# Viewing images from a remote console without X



## dcole (Sep 12, 2014)

Hello,

I have a remote FreeBSD box that I cannot install X on. Is it possible to view image files that are stored on that box in a similar way as I would do X forwarding (ssh -X ) to view the images? I am ssh'd into the box using an Ubuntu system. I saw that there are console image viewers that don't need X, but I can't figure out how  to make this work.

Thanks


----------



## wblock@ (Sep 13, 2014)

How often does this come up?  If it is rare, use scp() to copy the image to the local system and display it there.


----------



## dcole (Sep 13, 2014)

Well I am actually talking about getting the graph images pfstat generated. It may be easier to copy the db down and generate the images but I thought there may be an easy way to spot check them.


----------



## wblock@ (Sep 13, 2014)

Or generate the images there and serve them over HTTP.


----------



## bsdkeith (Sep 13, 2014)

There is/was an app called fbi on Linux, but I don't know if it is usable on FreeBSD.
Edit: Also feh.


----------



## SirDice (Sep 15, 2014)

I'm not sure how well it works but there's sysutils/fusefs-sshfs. This would present you with a virtual filesystem connected to the machine using SSH. Most desktop applications should be able to use it.

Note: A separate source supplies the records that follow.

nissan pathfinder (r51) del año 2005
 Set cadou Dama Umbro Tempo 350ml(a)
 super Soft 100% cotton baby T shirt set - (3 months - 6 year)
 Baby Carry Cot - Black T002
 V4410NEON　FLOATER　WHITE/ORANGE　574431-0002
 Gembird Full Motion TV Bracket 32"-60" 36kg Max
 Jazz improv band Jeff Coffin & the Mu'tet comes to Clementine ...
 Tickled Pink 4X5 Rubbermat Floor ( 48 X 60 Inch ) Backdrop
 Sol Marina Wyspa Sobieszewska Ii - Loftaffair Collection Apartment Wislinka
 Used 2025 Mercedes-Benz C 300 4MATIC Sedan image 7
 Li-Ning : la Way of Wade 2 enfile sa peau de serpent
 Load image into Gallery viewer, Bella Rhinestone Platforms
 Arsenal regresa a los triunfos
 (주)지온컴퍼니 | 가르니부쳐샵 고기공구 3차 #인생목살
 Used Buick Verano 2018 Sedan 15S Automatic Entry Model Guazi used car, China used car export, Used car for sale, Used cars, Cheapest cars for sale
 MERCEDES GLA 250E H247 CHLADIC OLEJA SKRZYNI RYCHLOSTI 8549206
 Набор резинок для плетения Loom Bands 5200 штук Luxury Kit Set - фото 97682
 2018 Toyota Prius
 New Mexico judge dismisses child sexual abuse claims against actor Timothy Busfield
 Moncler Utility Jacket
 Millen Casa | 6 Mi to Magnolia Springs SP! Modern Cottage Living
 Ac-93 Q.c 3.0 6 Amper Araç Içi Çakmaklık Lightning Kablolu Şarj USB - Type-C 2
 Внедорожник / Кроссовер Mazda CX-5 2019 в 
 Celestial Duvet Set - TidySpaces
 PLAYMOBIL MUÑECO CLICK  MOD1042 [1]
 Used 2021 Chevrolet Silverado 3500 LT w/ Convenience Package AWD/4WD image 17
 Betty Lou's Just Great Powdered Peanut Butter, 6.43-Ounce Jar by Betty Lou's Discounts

A lot trickier to do is to tunnel NFS over SSH. But that's going to get messy fast as NFS uses quite a few ports and a lot of them are dynamic. Not entirely impossible but it does require quite a bit of fiddling to get it to work reliably.


----------



## dcole (Sep 15, 2014)

Thank you for the ideas. I think I have a workable solution using fusefs which I like because we already had SFTP allowed.


----------